L‐DOPA treatment modulates the expression and activity of L‐aromatic amino acid decarboxylase in the MPTP mouse model

The replacement of dopamine (DA) with its precursor L‐dopa has remained the most effective symptomatic treatment for Parkinson's disease (PD), although the majority of patients experience a decline in efficacy as well as motor complications after prolonged usage. Although effective, L‐dopa treatment does not restore the physiological levels of DA transmission, and cycles of high and low rates of DA produced can contribute to the pathophysiology of the motor complications that occur. Our results have shown that in the MPTP‐PD mouse model that received sub‐chronic L‐dopa treatments, L‐aromatic amino acid decarboxylase (LAAD), the enzyme that converts L‐dopa to DA, was remarkably reduced in the striatum, and hyperkinesia was observed in the PD model treated with L‐dopa.
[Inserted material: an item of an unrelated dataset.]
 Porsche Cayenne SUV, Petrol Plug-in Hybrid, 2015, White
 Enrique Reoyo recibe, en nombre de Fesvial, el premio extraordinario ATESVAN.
Striatal tyrosine hydroxylase (TH) expression was decreased in the PD model treated with L‐dopa as well as striatal LAAD activity. DA and its metabolites levels were decreased as well in the PD model treated with L‐dopa along with a decrease in the expression of LAAD. These findings suggest that the loss of efficacy of L‐dopa could possibly be related to the down‐regulation of LAAD that was observed in the striatum, possibly by L‐dopa induced production of dopamine. This observed reduction of LAAD expression and activity is critical in L‐dopa treatment because less DA is synthesized which is needed to counteract the decrease in DA caused by the PD neurodegeneration. Therefore, a greater understanding in the modulation of LAAD could possibly prolong the efficacy of L‐DOPA therapy.